Abstract
Graphene oxide is promising as a plate-like giant molecular building block for the assembly of new carbon materials. Its water dispersibility, liquid crystallinity, and ease of reduction offer advantages over other carbon precursors if its fundamental assembly rules can be identified. This article shows that graphene oxide sheets of known lateral dimension form nematic liquid crystal phases with transition points in agreement with the Onsager hard-plate theory. The liquid crystal phases can be systematic ordered into defined supramolecular patterns using surface anchoring, complex fluid flow, and micro-confinement. Graphene oxide is seen to exhibit homeotropic surface anchoring at interfaces driven by excluded volume entropy and by adsorption enthalpy associated with its partially hydrophobic basal planes. Surprisingly, some of the surface-ordered graphene oxide phases dry into graphene oxide solids that undergo a dramatic anisotropic swelling upon rehydration to recover their initial size and shape. This behavior is shown to be a unique hydration-responsive folding and unfolding transition. During drying, surface tension forces acting parallel to the layer planes cause a buckling instability that stores elastic energy in accordion-folded structures in the dry solid. Subsequent water infiltration reduces interlayer frictional forces and triggers release of the stored elastic energy in the form of dramatic unidirectional expansion. We explain the folding/unfolding phenomena by quantitative nanomechanics, and introduce the potential of liquid crystal-derived graphene oxide phases as new stimuli-response materials.

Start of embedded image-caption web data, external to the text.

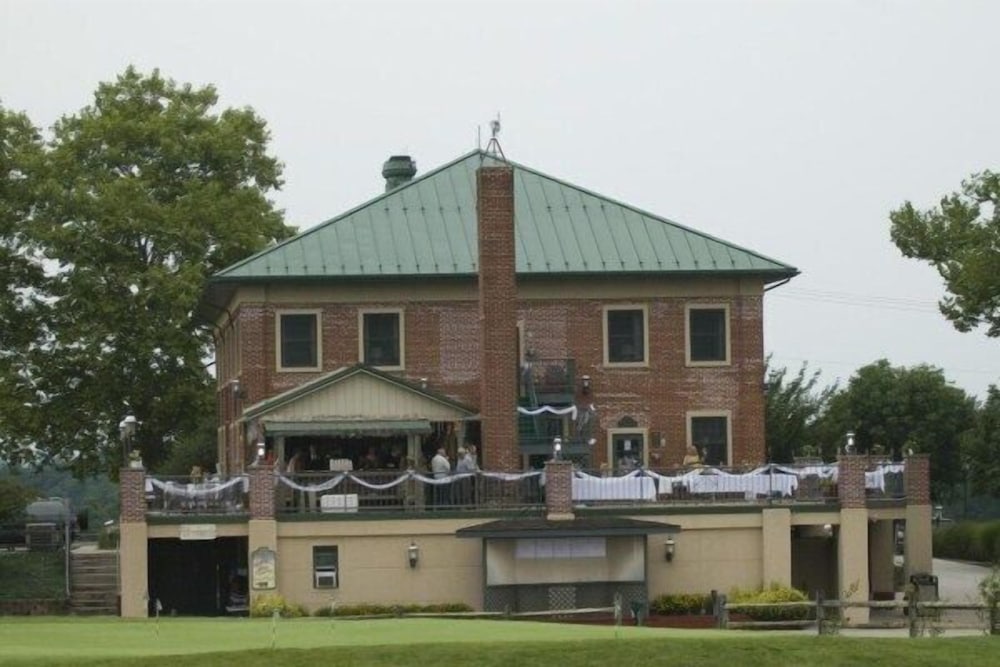 Guest Quarters at The Bridges Golf Club 6/58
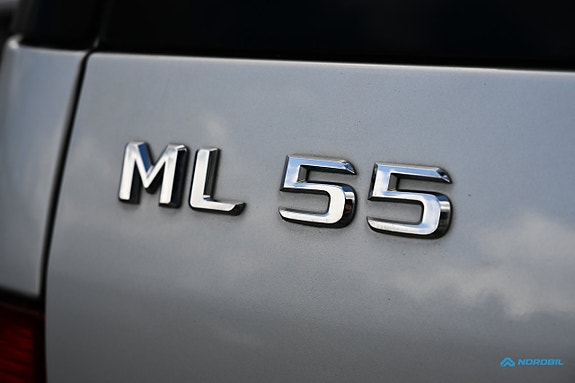 Mercedes-Benz ML55 21 of 24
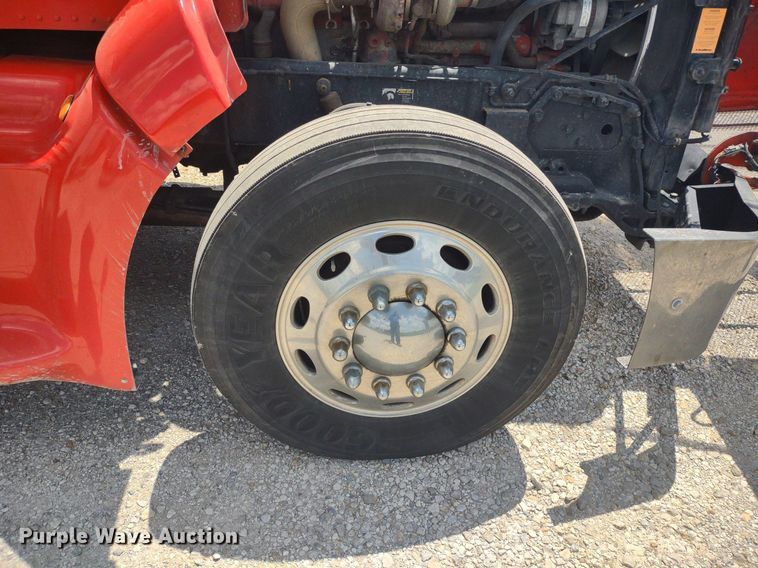 image for item LL9055 2013 Peterbilt 386  semi truck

Keywords: graphene oxide, liquid crystal, nematic, assembly, surface anchoring, folding, unfolding
Graphene oxide (GO) has received significant attention as an intermediate in the synthesis of monolayer graphene for electronics applications.1,2,3 Reduction of GO to high-quality graphene is challenging due to defect creation,4 but GO is an interesting material in its own right, and is attractive as a giant molecular building block for a variety of new carbon materials.1,5 Interest is growing in the applications of GO and reduced GO6,7 as barriers and fillers,8 sorbents,9 hydrogels,10 surfactants,11,12 and multilayer papers.13 The fundamental colloidal assembly rules for GO as a water-dispersible5,14 giant molecular plate are only beginning to be explored. Recently liquid crystalline phases have been observed in GO aqueous dispersions15,16 and in graphene strong acid solutions.17 We became interested in using GO liquid crystal phases to make new carbon materials by self-assembly and reductive annealing, as has been done with other carbon-atom-rich liquid crystalline systems.18,19,20 Liquid crystal phases offer a route to long-range order, and can be manipulated through flows, fields, surfaces, and micro-confinement to produce well-defined equilibrium assemblies that can be thermally converted into carbon materials with precise control of graphene layer structure.18,19,20 Here we investigate the fundamental assembly rules specific to GO as a liquid crystalline system, focusing on surface anchoring, complex fluid flow and micro-confinement. Some of the new ordered GO phases we create with these methods are observed to undergo drying and rehydration cycles, in which the GO layers fold and unfold to give unique anisotropic swelling behaviors. This hydration-responsive folding and unfolding is described in detail and opens the potential for liquid crystal-derived GO phases as smart stimuli-response materials.
RESULTS AND DISCUSSION
We began by studying the structure of GO suspensions during drying. Kim and coworkers15 recently observed spontaneous phase separation in GO through long-time sedimentation, leading to an isotropic top phase and a nematic liquid crystalline bottom phase. We attempted to make single-phase nematic GO by evaporative concentration starting from stable dilute GO suspensions (1 mg/ml). We observed that simple evaporation does not lead to bulk liquid crystals, but rather produces GO surface films at the liquid-gas interface,11 which increase in thickness as drying proceeds (Supplementary Fig. 2). Centrifugal vacuum evaporation, in contrast, is very effective at producing homogeneous liquid crystal phases (Fig. 1) as it prevents interfacial accumulation by driving GO away from the drying front. At approximately 0.5 wt-% there is a transition from the disordered isotropic liquid phase to an ordered phase with Schlieren textures characteristic of nematic liquid crystals (Fig. 1c,d,e). These textures are similar to those reported recently15,16 and contain disclinations of various strength as revealed by rotation of crossed polars.15,16 Near the transition, the textures are somewhat diffuse, which has been reported to indicate biphasic behavior associated with polydispersity in the GO layer population,16 and at the higher concentrations in Fig. 1 the textures become quite well defined indicating a homogeneous nematic phase.16 To produce a quantitative phase diagram (Fig. 1a), we measured the distribution of GO flake lateral sizes (Supplementary Fig. 1), defined as the diameter of a circle having the same area as the GO sheet determined by digital image analysis, and found reasonable agreement with the Onsager model of lyotropic liquid crystals in the disk formulation:21
(1) |
where d and l are the lateral size and thickness of GO sheets respectively, ρ is the true material density, C is the concentration at isotropic-nematic phase transition.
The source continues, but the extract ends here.